In Schumer’s view, winning 70 votes in the Senate will ratchet up the pressure  on House Republicans. Speaker John Boehner has said the House would take up  parallel legislation rather than simply accept the Senate measure. “That’s what he says,” Schumer argues. “If we get 70 votes, and all the John Boehners of the  Senate are voting for the bill? He’ll change.”

What Schumer appears to mean here is that if mainstream conservative senators such as Orrin Hatch, Lamar Alexander, and Saxby Chambliss vote for the Senate bill, then Boehner will allow a vote on it.

There is considerable disagreement with this among Senate Dem aides, however. For one thing, they don’t understand the utility of publicly setting 70 votes as a goal. If Dems fall short of that amount, they worry that it will look like a defeat. For another, aides ask, why would Boehner be more likely to allow a vote on the Senate bill if Dems get 70 votes, rather than 65? If Boehner does allow a vote, goes this calculation, it won’t be because of the tally in the Senate. It will be because major stakeholders in the GOP — the business community, the consultant/strategist class — will be pressuring Boehner to allow the vote, on the theory that reform must pass for the good of the GOP. What’s more, it will also be because enough mainstream conservatives in the House privately want reform to pass for the same reason (even as they vote against it); if that happens, Boehner’s speakership will not be at risk.

One House GOP aide ridiculed the idea that the vote total in the Senate could force Boehner’s hand.  “Looking back over the past few years, Senator Schumer’s public predictions about the motives and actions of House Republicans have been eerily — and at times hilariously — inaccurate,” he emailed.

Finally, what’s perhaps most mystifying to Dem aides about Schumer’s formulation is the fact that Schumer is on record adamantly declaring that Democrats will never give away major concessions to achieve that 70 votes.
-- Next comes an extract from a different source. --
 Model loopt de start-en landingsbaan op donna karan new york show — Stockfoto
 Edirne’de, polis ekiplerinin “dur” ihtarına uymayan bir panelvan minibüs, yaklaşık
Indeed, Schumer has publicly given the thumbs down to the John Cornyn amendment, which would undercut the path to citizenship and undermine reform. That’s good, and Schumer deserves props for it. But if Schumer is not willing to give away anything major to get that 70 votes, why keep articulating it as a desirable goal?

In Schumer’s defense, he seems to see articulating the goal of broad bipartisan support in the Senate as a good message in and of itself. And since the bill is going to be changed in the Senate via the amendment process, Schumer is engaged in a delicate dance, in which he wants to create space for conservatives to achieve some concessions on border security, even as Dems don’t give them too much. In other words, Dems need to signal that they will not give an inch on anything that undermines the path to citizenship, even as they do allow the process to give Republicans a way to tell conservatives that their interests are being protected.

Still, there seems to be a fair amount of dissatisfaction among Senate Dems about Schumer’s chosen strategy. We’ll soon find out who is right.